Your assignment
For each line below that holds "White", return the line as it stands.

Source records
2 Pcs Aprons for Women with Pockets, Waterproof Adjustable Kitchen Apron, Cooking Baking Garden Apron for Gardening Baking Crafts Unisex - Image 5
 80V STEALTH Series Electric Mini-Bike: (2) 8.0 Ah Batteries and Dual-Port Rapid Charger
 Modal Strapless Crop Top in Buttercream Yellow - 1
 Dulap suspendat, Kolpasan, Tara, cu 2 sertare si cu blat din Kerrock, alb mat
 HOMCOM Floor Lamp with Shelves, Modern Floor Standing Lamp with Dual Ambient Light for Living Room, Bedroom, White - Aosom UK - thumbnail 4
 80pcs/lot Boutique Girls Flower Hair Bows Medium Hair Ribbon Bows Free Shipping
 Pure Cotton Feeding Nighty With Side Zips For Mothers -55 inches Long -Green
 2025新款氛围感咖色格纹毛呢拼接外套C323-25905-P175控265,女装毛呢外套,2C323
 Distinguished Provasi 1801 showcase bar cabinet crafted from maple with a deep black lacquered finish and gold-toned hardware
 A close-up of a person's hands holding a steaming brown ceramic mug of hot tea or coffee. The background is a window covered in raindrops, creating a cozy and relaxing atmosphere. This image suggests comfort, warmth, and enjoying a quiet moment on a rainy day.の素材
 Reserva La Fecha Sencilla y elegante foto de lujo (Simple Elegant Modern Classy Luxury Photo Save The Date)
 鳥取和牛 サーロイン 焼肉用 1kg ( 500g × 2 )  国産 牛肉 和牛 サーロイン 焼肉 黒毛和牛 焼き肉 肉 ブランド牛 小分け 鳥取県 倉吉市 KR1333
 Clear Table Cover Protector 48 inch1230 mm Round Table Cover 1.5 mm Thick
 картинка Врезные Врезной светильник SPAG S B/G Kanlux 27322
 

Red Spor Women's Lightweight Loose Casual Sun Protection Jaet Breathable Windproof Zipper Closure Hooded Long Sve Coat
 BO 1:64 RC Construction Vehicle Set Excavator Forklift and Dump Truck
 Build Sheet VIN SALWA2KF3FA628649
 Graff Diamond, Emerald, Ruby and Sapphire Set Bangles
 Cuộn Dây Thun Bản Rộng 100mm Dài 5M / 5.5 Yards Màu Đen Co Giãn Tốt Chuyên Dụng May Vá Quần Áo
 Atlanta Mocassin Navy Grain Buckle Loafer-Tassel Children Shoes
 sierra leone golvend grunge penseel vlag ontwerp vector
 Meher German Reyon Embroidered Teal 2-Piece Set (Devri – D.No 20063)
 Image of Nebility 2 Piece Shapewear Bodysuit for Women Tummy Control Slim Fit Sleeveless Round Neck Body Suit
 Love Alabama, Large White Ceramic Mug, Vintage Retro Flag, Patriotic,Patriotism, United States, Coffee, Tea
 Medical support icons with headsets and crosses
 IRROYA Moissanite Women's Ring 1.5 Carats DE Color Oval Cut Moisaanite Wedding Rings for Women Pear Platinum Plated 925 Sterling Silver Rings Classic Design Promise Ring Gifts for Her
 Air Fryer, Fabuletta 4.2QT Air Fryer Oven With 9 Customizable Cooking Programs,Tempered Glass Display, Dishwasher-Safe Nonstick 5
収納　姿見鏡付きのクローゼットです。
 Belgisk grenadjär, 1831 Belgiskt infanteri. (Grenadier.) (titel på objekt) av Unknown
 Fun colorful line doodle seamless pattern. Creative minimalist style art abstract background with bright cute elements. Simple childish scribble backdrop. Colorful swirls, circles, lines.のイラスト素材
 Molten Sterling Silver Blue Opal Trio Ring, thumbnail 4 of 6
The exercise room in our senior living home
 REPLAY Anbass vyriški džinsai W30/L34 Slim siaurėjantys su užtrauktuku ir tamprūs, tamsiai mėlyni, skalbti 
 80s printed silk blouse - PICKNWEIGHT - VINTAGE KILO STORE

Your solution
 HOMCOM Floor Lamp with Shelves, Modern Floor Standing Lamp with Dual Ambient Light for Living Room, Bedroom, White - Aosom UK - thumbnail 4
 Love Alabama, Large White Ceramic Mug, Vintage Retro Flag, Patriotic,Patriotism, United States, Coffee, Tea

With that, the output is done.